Scraped caption text data:
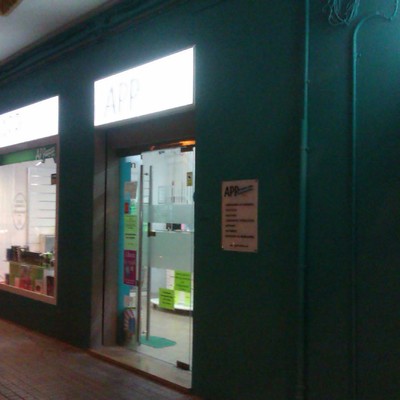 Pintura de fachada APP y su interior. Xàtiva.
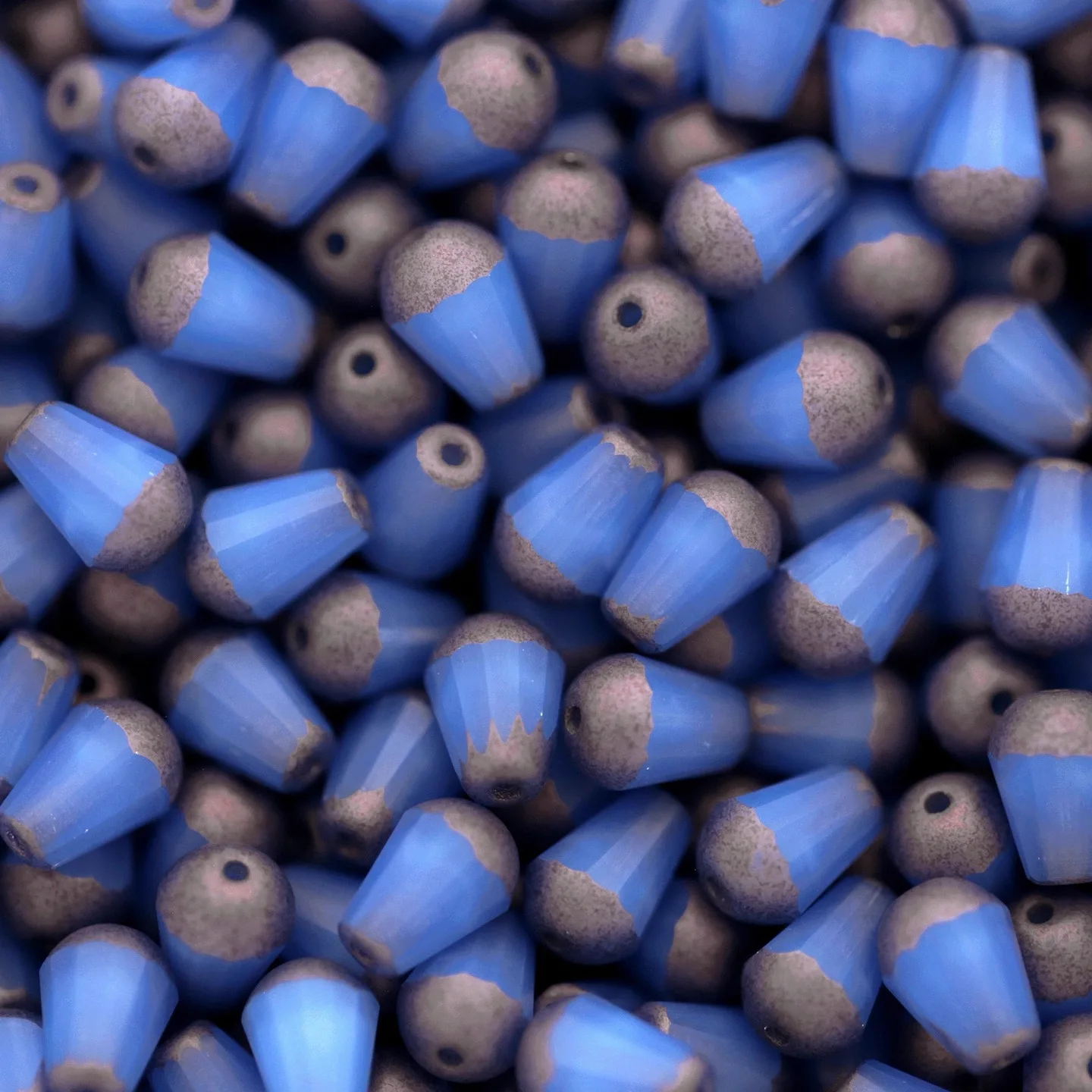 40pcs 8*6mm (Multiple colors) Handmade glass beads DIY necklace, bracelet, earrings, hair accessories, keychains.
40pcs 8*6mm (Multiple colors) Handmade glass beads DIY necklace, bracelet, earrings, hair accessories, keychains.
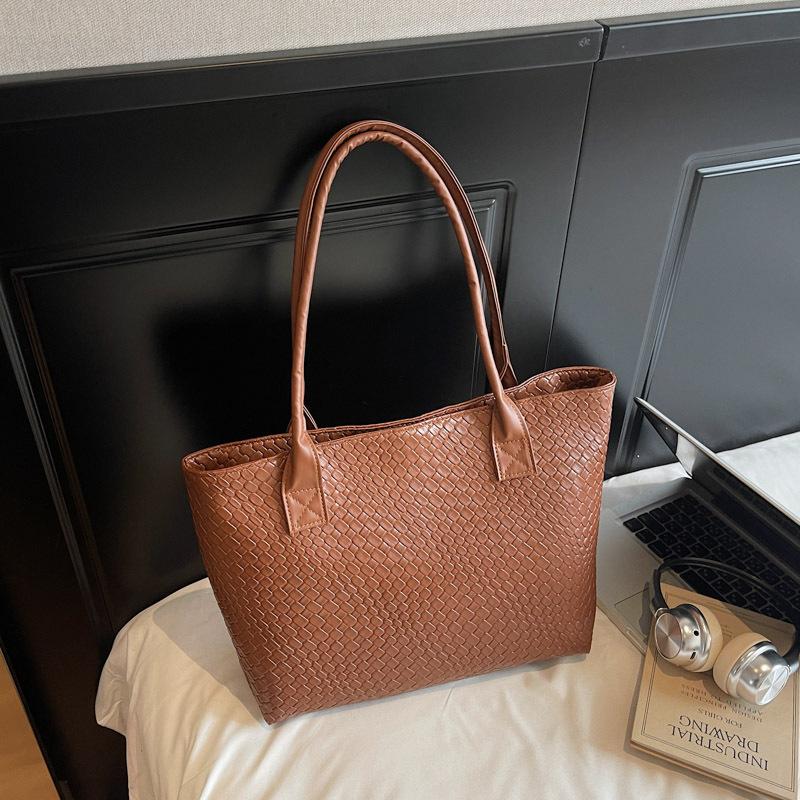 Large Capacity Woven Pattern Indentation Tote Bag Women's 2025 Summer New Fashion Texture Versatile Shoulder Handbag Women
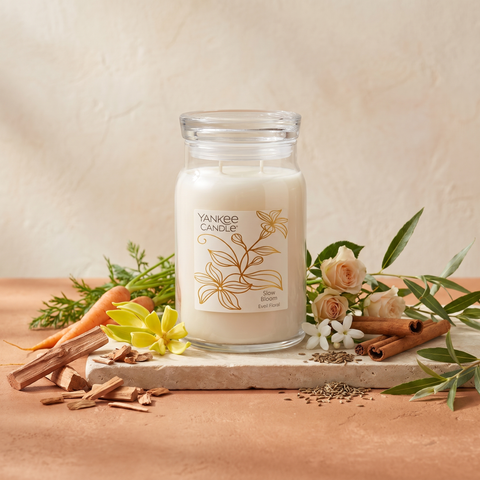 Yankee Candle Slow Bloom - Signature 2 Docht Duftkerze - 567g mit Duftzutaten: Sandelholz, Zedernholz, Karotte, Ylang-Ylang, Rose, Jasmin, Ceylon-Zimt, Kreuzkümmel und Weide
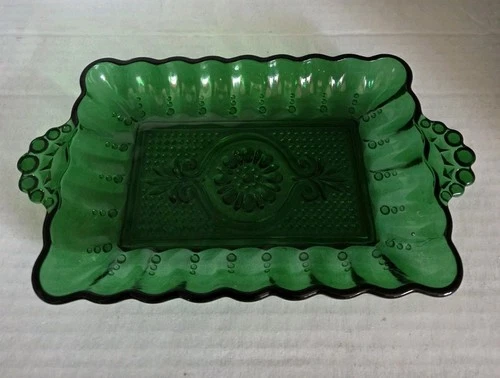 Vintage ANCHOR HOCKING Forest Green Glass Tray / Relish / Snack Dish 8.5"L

• DIRECTIONS:
Final stretch of the data: repeat exactly each line from the one containing "Large Capacity Woven" through the last, and omit all pictures.

• REPLY TO THE TASK:
 Large Capacity Woven Pattern Indentation Tote Bag Women's 2025 Summer New Fashion Texture Versatile Shoulder Handbag Women
 Yankee Candle Slow Bloom - Signature 2 Docht Duftkerze - 567g mit Duftzutaten: Sandelholz, Zedernholz, Karotte, Ylang-Ylang, Rose, Jasmin, Ceylon-Zimt, Kreuzkümmel und Weide
 Vintage ANCHOR HOCKING Forest Green Glass Tray / Relish / Snack Dish 8.5"L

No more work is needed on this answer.